Towards even smaller structs

mcy · May 12, 2021, 4:05pm

C has bitfields. Bitfields are great, because writing shifts and other bit operations is a pain and error-prone. There's plenty of fancy macros for emulating bitfields, sure, but it's limited one specific kind of packing within a struct.

I'm interested in how far we can take cramming down fields in a struct on the assumption that you can't take references to them. For example, consider the classic, extremely wasteful struct:

struct Foo {
  a: Option<u32>,
  b: Option<u32>,
  c: Option<u32>,
}

A whole 93 bits of this struct are wasted, because every one of those options expects to be able to be the referent of a reference, and thus need to have identical layouts, so the presence bit gets rounded up to 1. However, if we aggregated all the presence bits into a byte, we save 64 bits! However, this means that you can't get a reference to those Options, because they're discontinuous!
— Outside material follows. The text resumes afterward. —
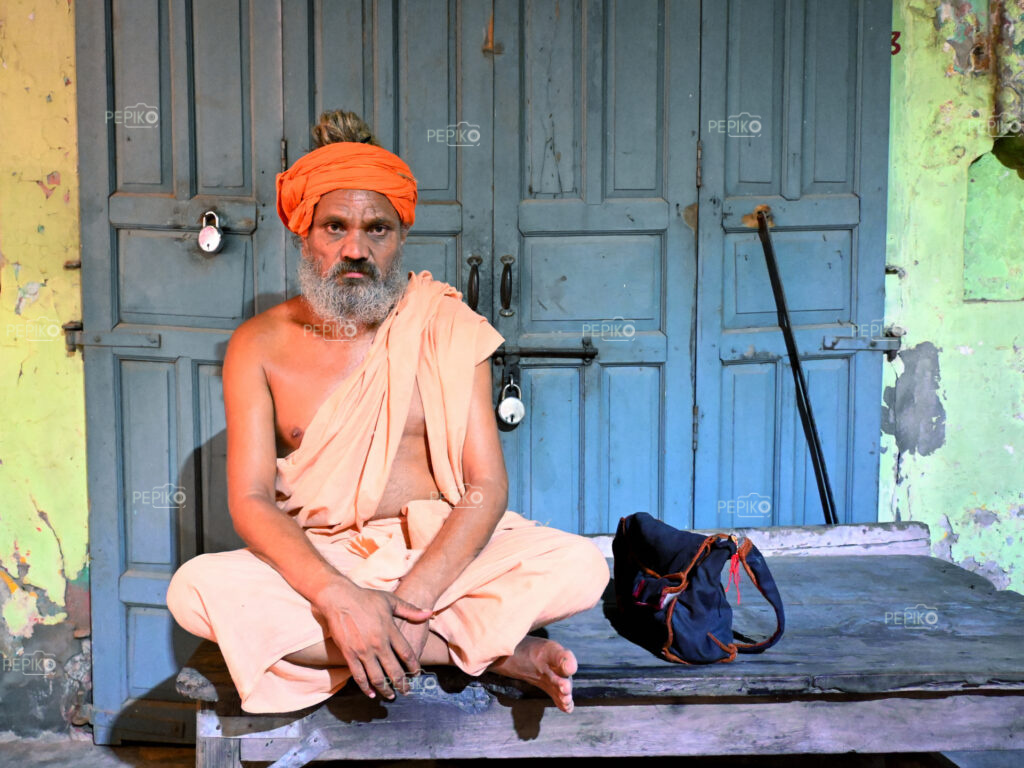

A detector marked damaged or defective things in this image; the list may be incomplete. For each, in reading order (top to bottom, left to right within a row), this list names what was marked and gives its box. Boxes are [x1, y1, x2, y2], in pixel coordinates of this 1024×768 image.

peeling painted wall [0, 0, 92, 733]
peeling painted wall [880, 0, 1024, 593]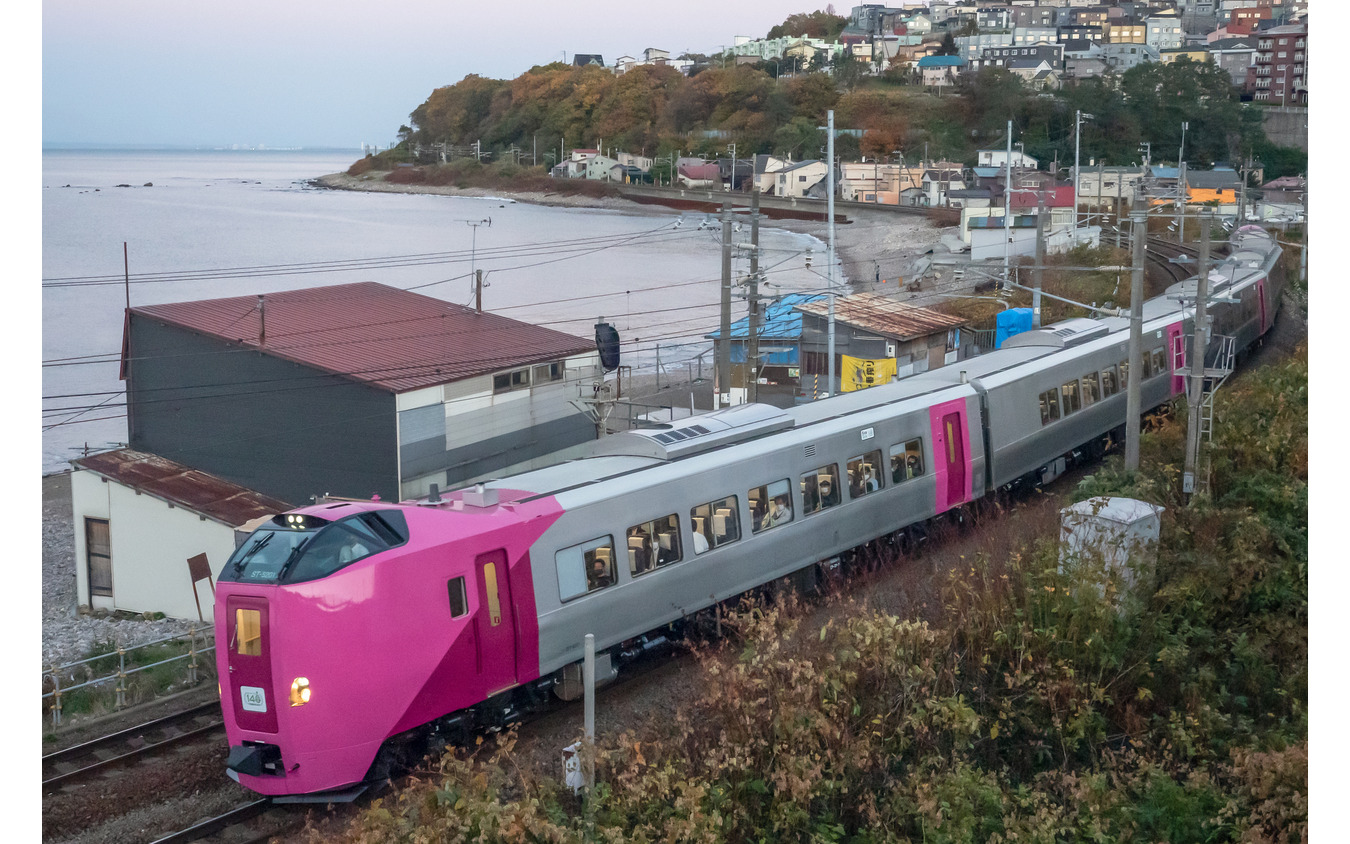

You see this kind of optimization a lot, especially in code that needs to really pack its representations for efficiency, like a regular expressions engine or generated protobuf code. It would certainly be nice to have compiler support, similar to niche-finding, for saying "hey, I'm never going to need a reference to this field, can you please lay it out in some crazy way?

Here's a strawman to illustrate what I want. Suppose we add a #[flat] annotation that you can put on a field:

struct Foo(u8, u16);
struct Bar(#[flat] Foo, u8);

Under normal circumstances, Bar is going to take up three u16s, because Foo needs to be padded out, even if Rust decided to order the u8 after the u16. However, because we've requested that Foo be flattened, the definition is instead treated as if it were

struct ActualBar(u8, u16, u8);

We save two bytes, at the cost that &bar.0 is now a hard error. The field bar.0 instead has Cell semantics. However, &bar.0.1 is valid, because the u16 will be aligned, as would be the case in ActualBar.

The local struct version is easy, but it gets a bit messier when you involve pre-existing types. We want

struct Foo {
  #[flat]
  a: Option<u32>,
  #[flat]
  b: Option<u32>,
  #[flat]
  c: Option<u32>,
}

to be laid out as (u32, u32, u32, u8, padding) or similar. But suddenly, because you can't take references, you can't do simple things like foo.a.is_some(), because that requires a reference to a. For now, I think it's best to just assume you can only flatten Copy types, but it's probably possible to extend to non-Copy types in some cases; the Copy case is probably the most interesting one. You should also be able to write

match &foo.a {
  Some(a) => a, // types at &u32
  None => ...,
  x => /* not allowed! */,
}

but I'm not sure how to best specify this in a way that doesn't feel unnecessarily magical...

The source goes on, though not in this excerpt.